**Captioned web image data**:
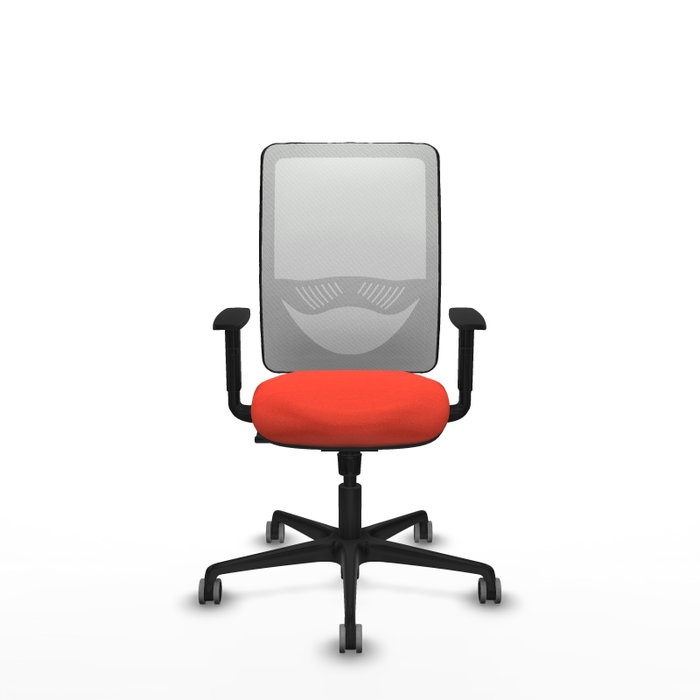 PIQUERAS Y CRESPO Silla de oficina Zulema con mecanismo Sincro, Tela Naranja oscuro y Malla Blanco PIQUERAS Y CRESPO Silla de oficina Zulema con mecanismo Sincro, Tela Naranja oscuro y Malla Blanco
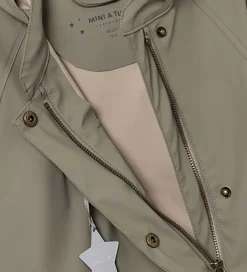 Regntøj|Mini A Ture Regntøj m. Seler - PU - MatWainis - Vert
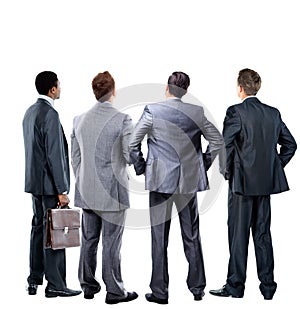 Four business mans from the back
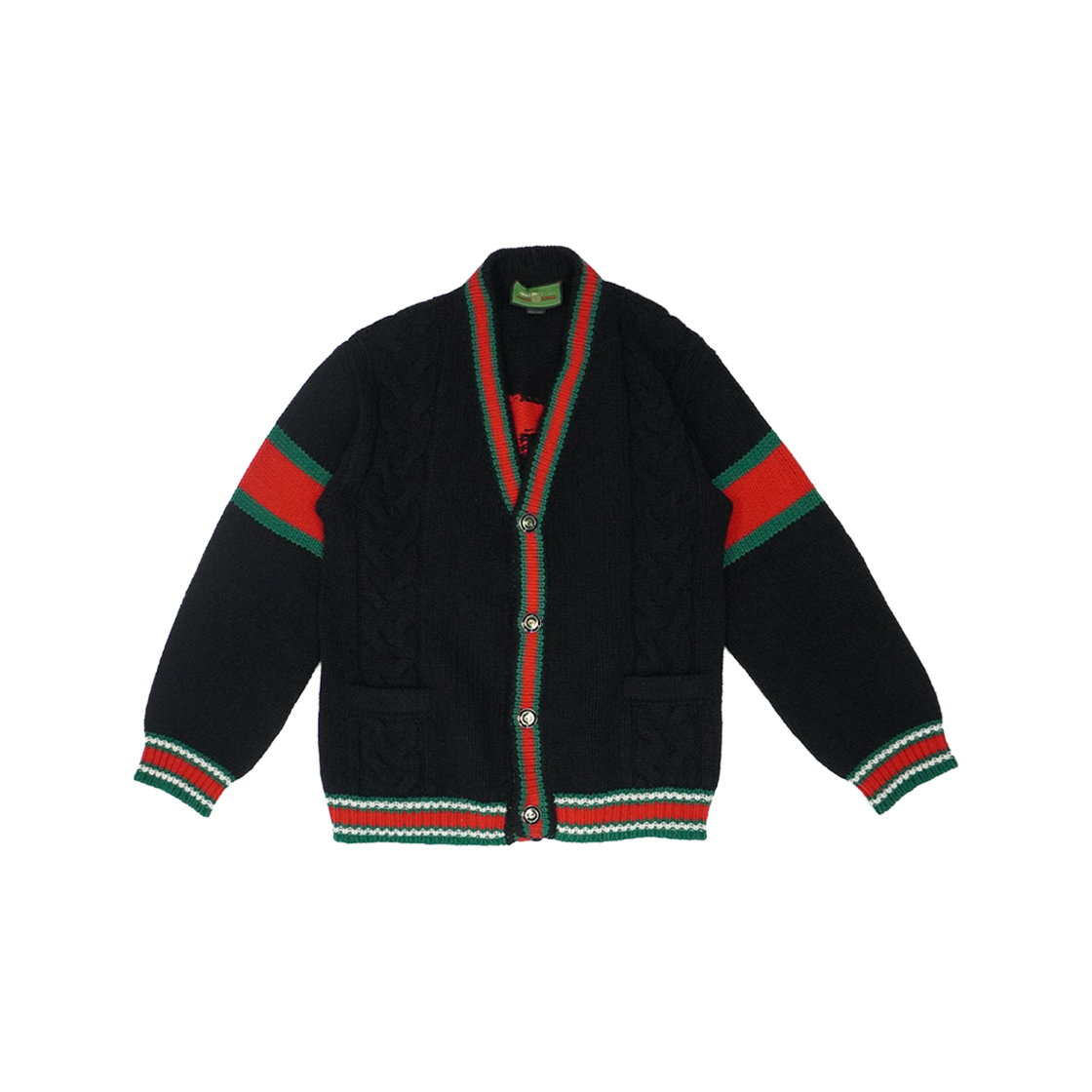 IT42WCJ9NTU4 Gucci 537522 Black Cardigan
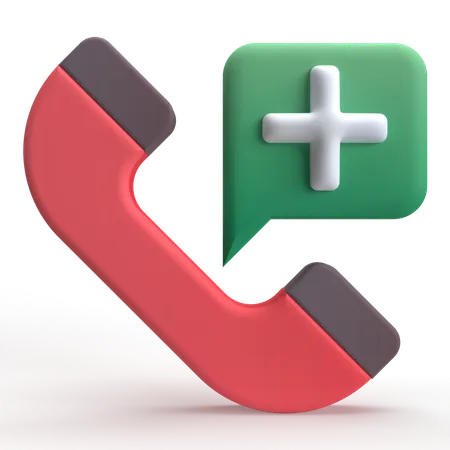 Medical Call  3D Icon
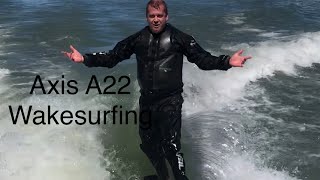 2015 Axis A22 wakesurf with Surfgate and power wedge with full ballast [upl. by Altman309]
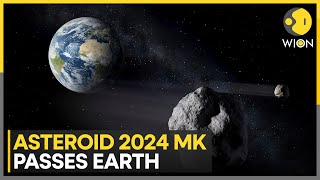 Asteroid 2024 MK passes Earth at 300000 km  Latest English News  WION [upl. by Ahsiekahs744]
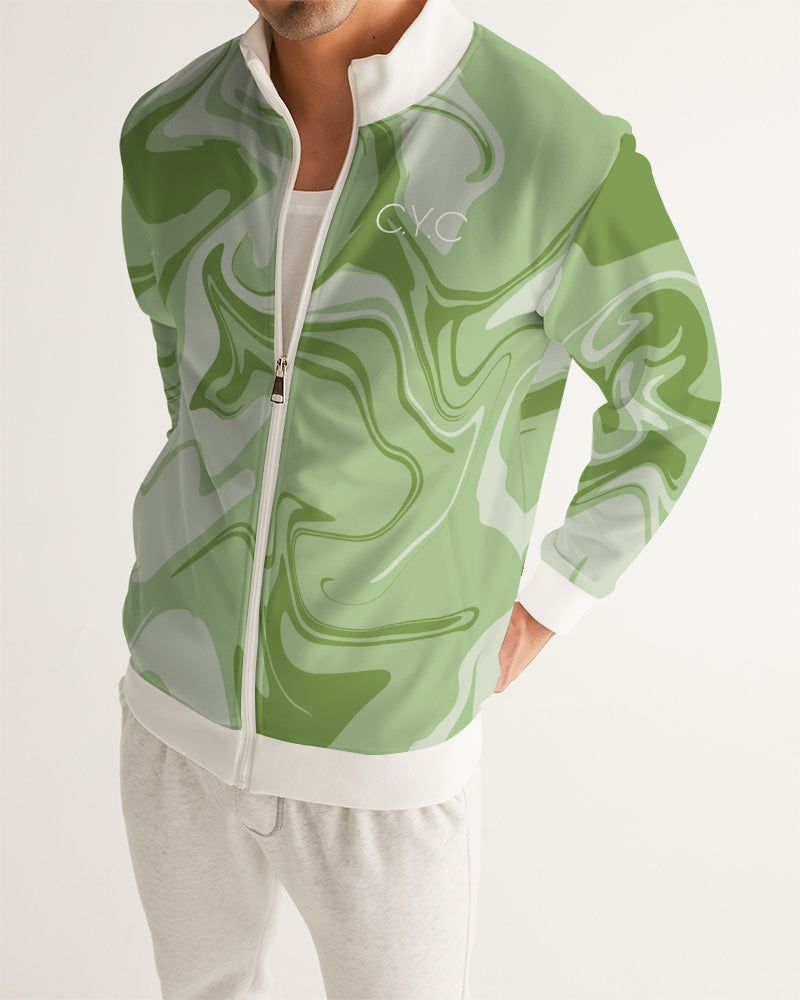 Wavy Green CYC Men's All-Over Print Track Jacket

**Problem details**: Beginning with the first line of the entries above, repeat each line word for word until the line with "IT42WCJ9NTU4 Gucci 537522 Black Cardigan" has been given too. Omit the pictures.

**Solution for this problem**:
 PIQUERAS Y CRESPO Silla de oficina Zulema con mecanismo Sincro, Tela Naranja oscuro y Malla Blanco PIQUERAS Y CRESPO Silla de oficina Zulema con mecanismo Sincro, Tela Naranja oscuro y Malla Blanco
 Regntøj|Mini A Ture Regntøj m. Seler - PU - MatWainis - Vert
 Four business mans from the back
 IT42WCJ9NTU4 Gucci 537522 Black Cardigan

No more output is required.